U.S. inflation cooled in September, but remained hot enough to leave the door open to another interest-rate hike by the Federal Reserve later this year.

“The trend is still quite encouraging, but the fight continues,” Olu Sonola, head of U.S. economics at Fitch Ratings, noted of the central bank’s efforts to tame inflation. 

Prices rose 0.4% from August to September, slowing from the previous month. Annual consumer inflation last month remained unchanged from a 3.7% increase in August, the Labor Department reported on Thursday.

So-called core prices, which exclude food and energy costs, rose 4.1% in September from 12 months ago, down from a 4.3% year-over-year pace in August.

Shelter was the biggest factor for September price rise, accounting for more than half the increase.

Consumer prices were forecast to have risen 0.3% from August to September, according to economists surveyed by the data provider FactSet. 

Some economists believe the latest inflation readings are not enough to spur the Fed to hike rates again at its next meeting in November. 

“This reading is not going to change the broader messaging from the Fed as we move towards the November rate decision. Housing inflation will need to decline sharply over the coming months for us to see inflation near 2%,” Fitch’s Sonola wrote in an emailed research note.

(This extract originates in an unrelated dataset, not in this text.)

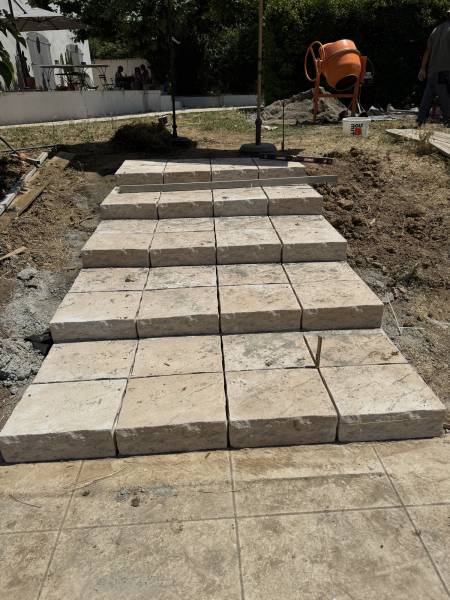 Escalier en pierre extérieur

“There is nothing here that will convince Fed officials to hike rates at the next FOMC meeting, and we continue to expect a more rapid decline in inflation and weaker economic growth to result in rates being cut more aggressively next year than markets are pricing in.” Andrew Hunter, deputy chief U.S. economist at Capital Economics, wrote in an emailed note.

—The Associated Press contributed to this report.